# plancherel relation

• May 30th 2011, 03:33 PM
morganfor
plancherel relation
how does one use the plancherel relation to evaluate the integral

integral from negative infinity to infinity of dx/(1+x^2)^2

i think i'm mostly confused about how to obtain u(x) from that integral and apply it to the relation.

thanks!
• May 30th 2011, 09:37 PM
CaptainBlack
Quote:

Originally Posted by morganfor
how does one use the plancherel relation to evaluate the integral

integral from negative infinity to infinity of dx/(1+x^2)^2

i think i'm mostly confused about how to obtain u(x) from that integral and apply it to the relation.

thanks!

Plancherel's relation for this problem tells us that:

$\displaystyle \int_{-\infty}^{\infty} \frac{1}{(1+x^2)^2}\; dx=\int_{-\infty}^{\infty} |F(\nu)|^2\; d\nu$

where:

$\displaystyle F(\nu)=\int_{-\infty}^{\infty} \frac{1}{1+x^2}e^{2\pi i x \nu}\; dx$

The last expression is a standard Fourier transform and can be looked up and then the right hand side of the first equation above is an easy integral.

For the form of the FT that I give above we have:

$\displaystyle F(\nu)=\int_{-\infty}^{\infty} \frac{1}{1+x^2}e^{2\pi i x \nu}\; dx=\pi e^{-|2 \pi \nu|}$

CB
• May 31st 2011, 06:16 PM
morganfor
Thanks!
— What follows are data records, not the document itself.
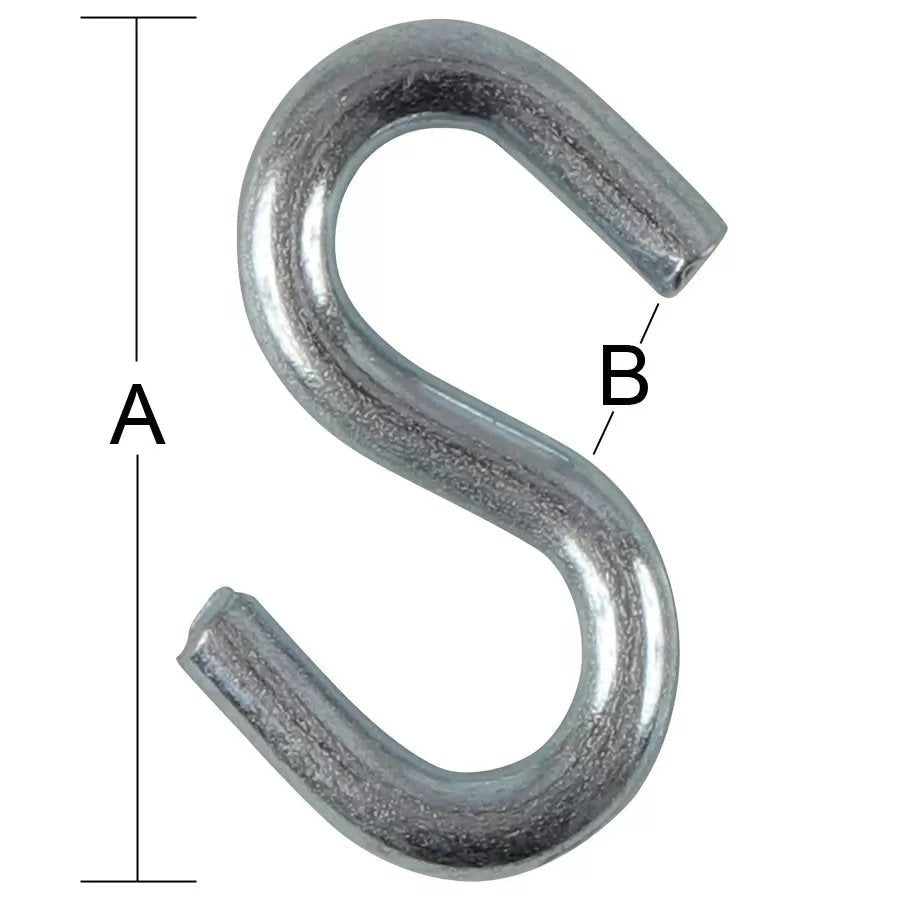 SHooks 1/4" Dia. x 2" x 3/8" - QC Supply - 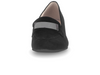 Gabor 71.432.17 - Black suede loafer with a low block heel on a white background front view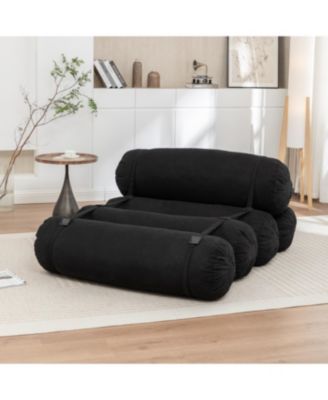 Streamdale Adjustable Corduroy Floor Sofa with Straps for Versatile Configurations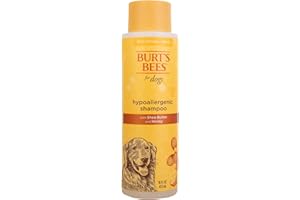 Burt's Bees for Pets Hypoallergenic Shampoo for Dogs with Shea Butter and Honey, 95% Natural Origin Formulas, Shampoo for Sensitive Dogs - Gentle Dog Shampoo, 16 oz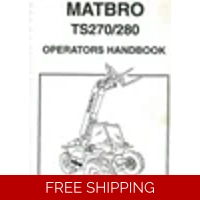 MATBRO TS270 280 OPERATORS AND WORKSHOP MANUAL
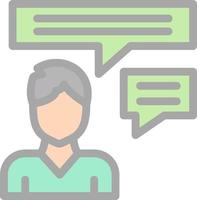 Inner Dialogue Vector Icon Design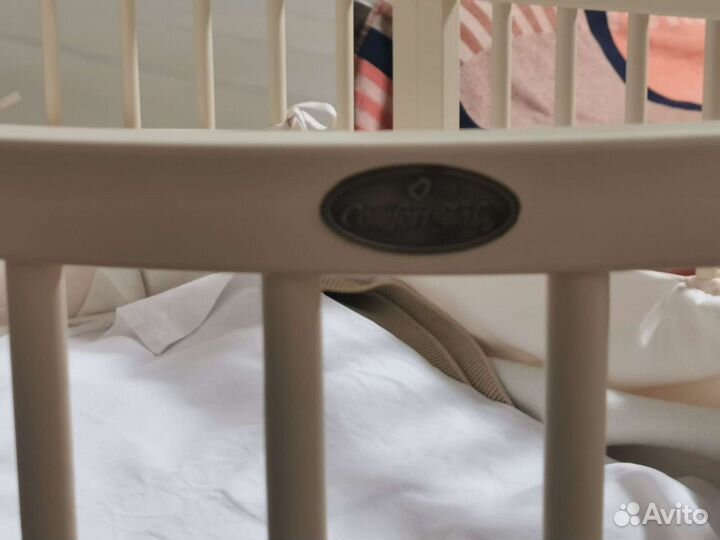 Детская кроватка трансформер овальная Comfort baby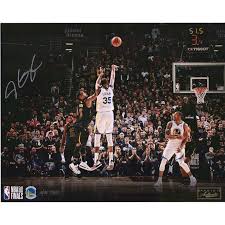 Kevin Durant Golden State Warriors Autographed 16 X 20 2018 Nba Finals Game Three Dagger Three Point Shot Photograph Limited Edition Of 135 Panini Authent In 2020 Golden State Warriors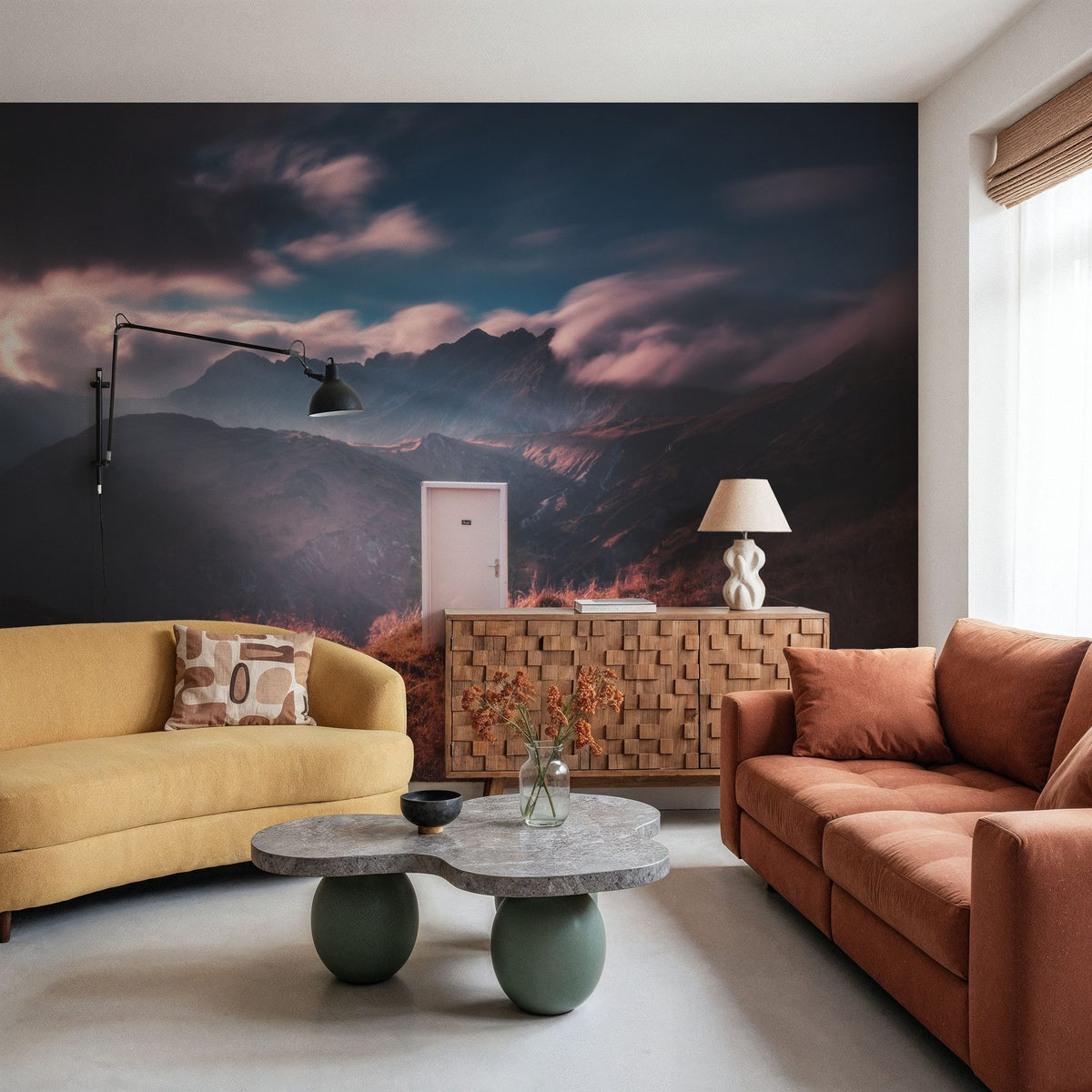 Mountain Door Mural Wallpaper - room preview 05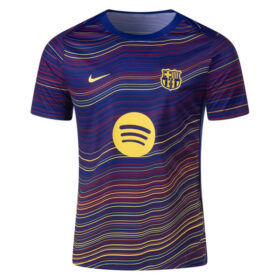 Barcelona Pre Match Training Top - Navy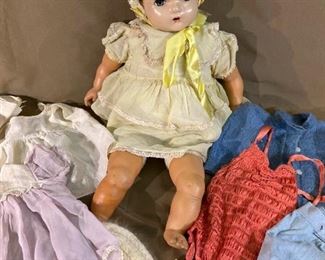 035 Vintage Horsman Doll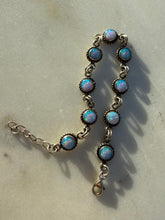 Load image into Gallery viewer, Vintage Opal Sterling Silver Bracelet
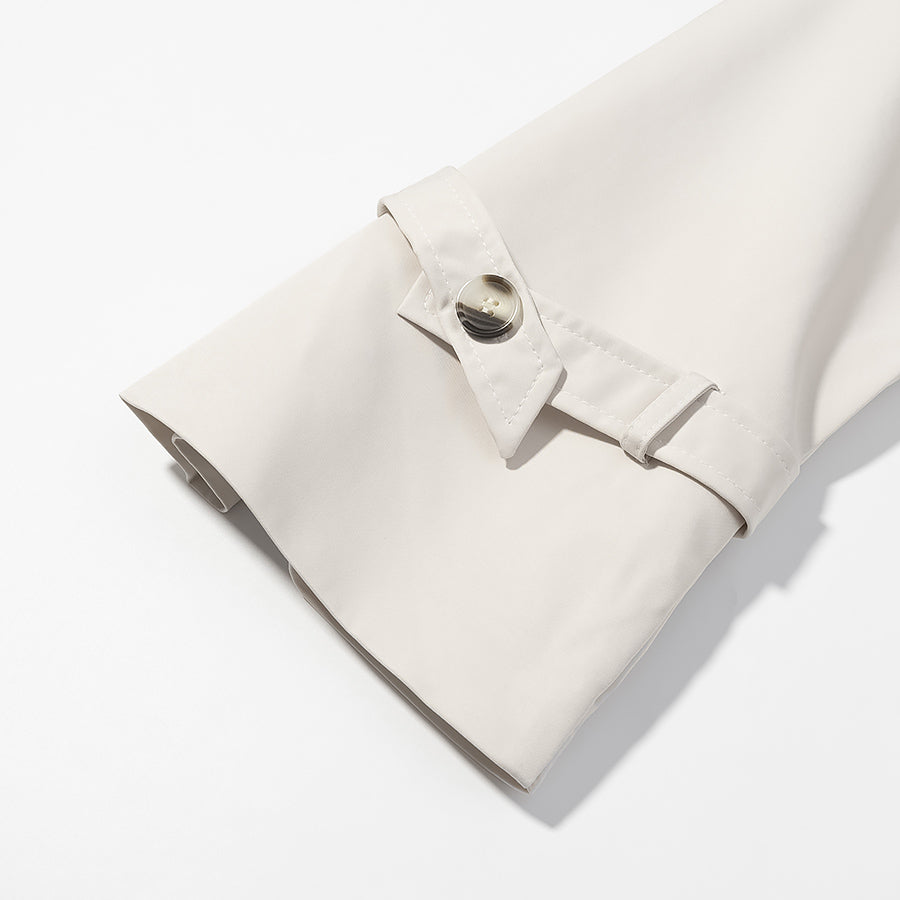 Langry fashion cream-colored shirt cuff on Windbreaker Winter Jacket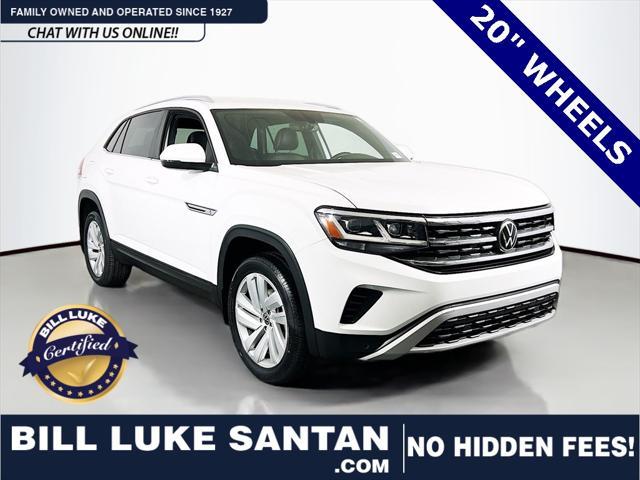 used 2021 Volkswagen Atlas Cross Sport car, priced at $24,473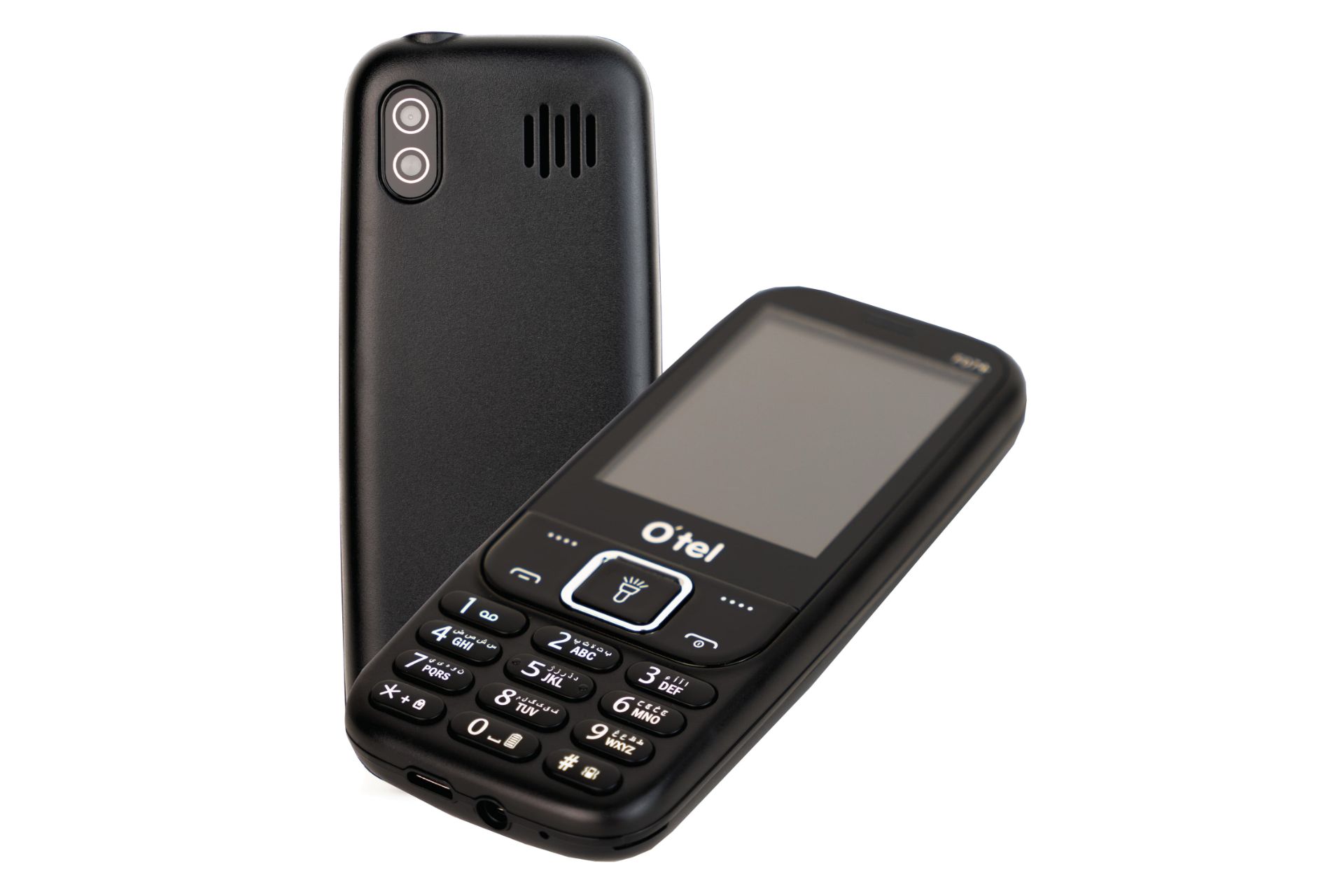 پنل جلو و پشت گوشی موبایل اوتل F07 پلاس مشکی / Otel F07 Plus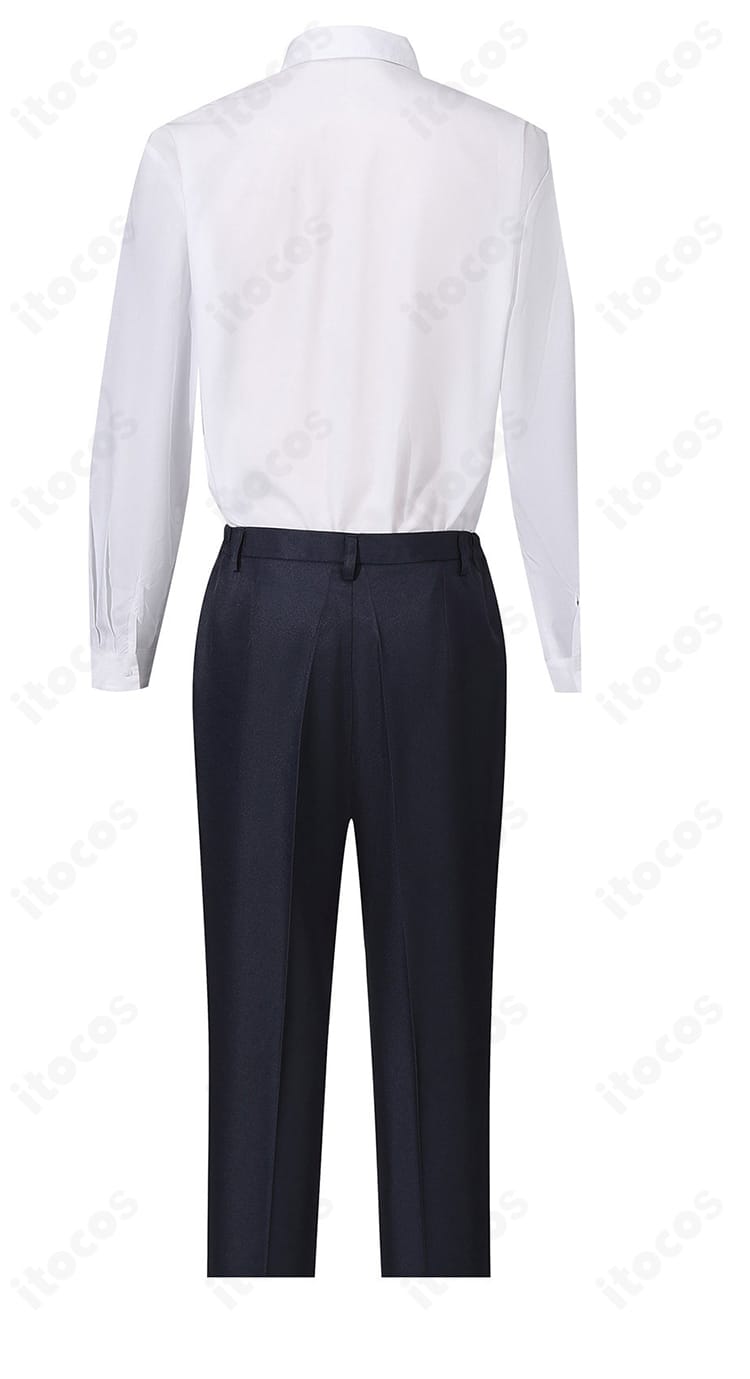 シャツ背面ヨークと背ダーツの縫製ディテール（岩井修）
That all makes sense :)

I'm just stuck now on how to integrate the norm of pi*e^-2|pi*v| to evaluate the integral in the question. Don't you get a double integral of pi*e^-2|pi*v| from negative infinity to positive infinity?
• May 31st 2011, 07:17 PM
CaptainBlack
Quote:

Originally Posted by morganfor
Thanks! That all makes sense :)

I'm just stuck now on how to integrate the norm of pi*e^-2|pi*v| to evaluate the integral in the question. Don't you get a double integral of pi*e^-2|pi*v| from negative infinity to positive infinity?

\displaystyle \begin{aligned}\int_{-\infty}^{\infty}\pi e^{-2|\pi \nu|}\;d\nu&=2\int_{0}^{\infty}\pi e^{-2|\pi \nu|}\;d\nu\\&=2\int_{0}^{\infty}\pi e^{-2\pi \nu}\;d\nu\end{aligned}

CB